Work instructions: With the pictures omitted, print exactly the lines below, from the one containing "Prada - Triangle" through the one containing "frija Laktosefreie halbfare", and nothing else.

Extracted entries:

Start of Block

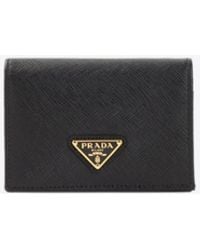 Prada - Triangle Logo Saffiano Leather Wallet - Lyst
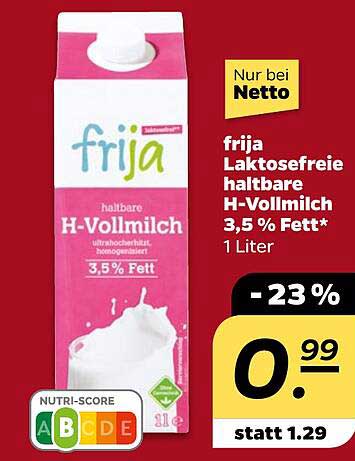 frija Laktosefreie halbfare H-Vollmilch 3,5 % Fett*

End of Block
Start of Block

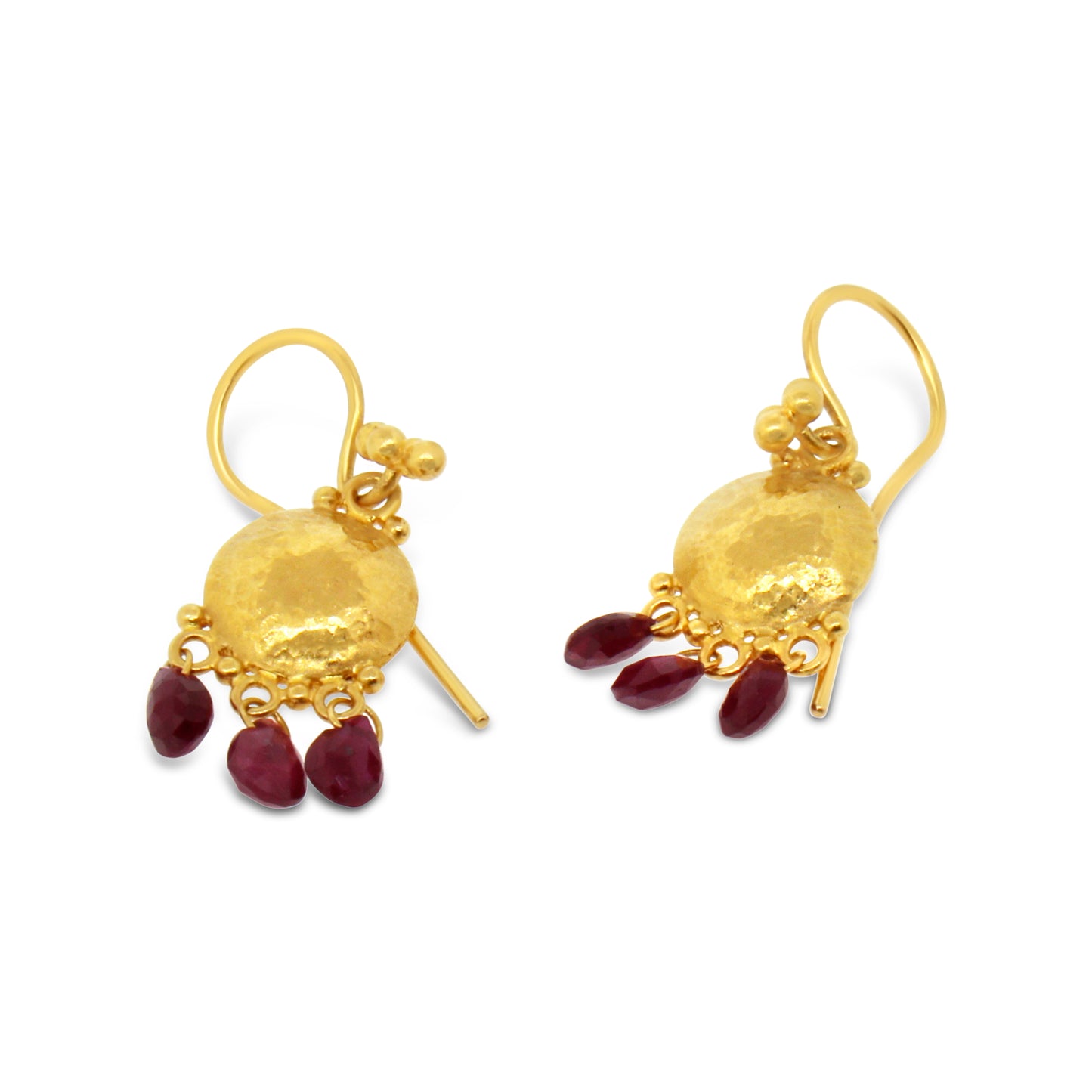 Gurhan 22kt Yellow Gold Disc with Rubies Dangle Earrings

End of Block

Output:
 Prada - Triangle Logo Saffiano Leather Wallet - Lyst
 frija Laktosefreie halbfare H-Vollmilch 3,5 % Fett*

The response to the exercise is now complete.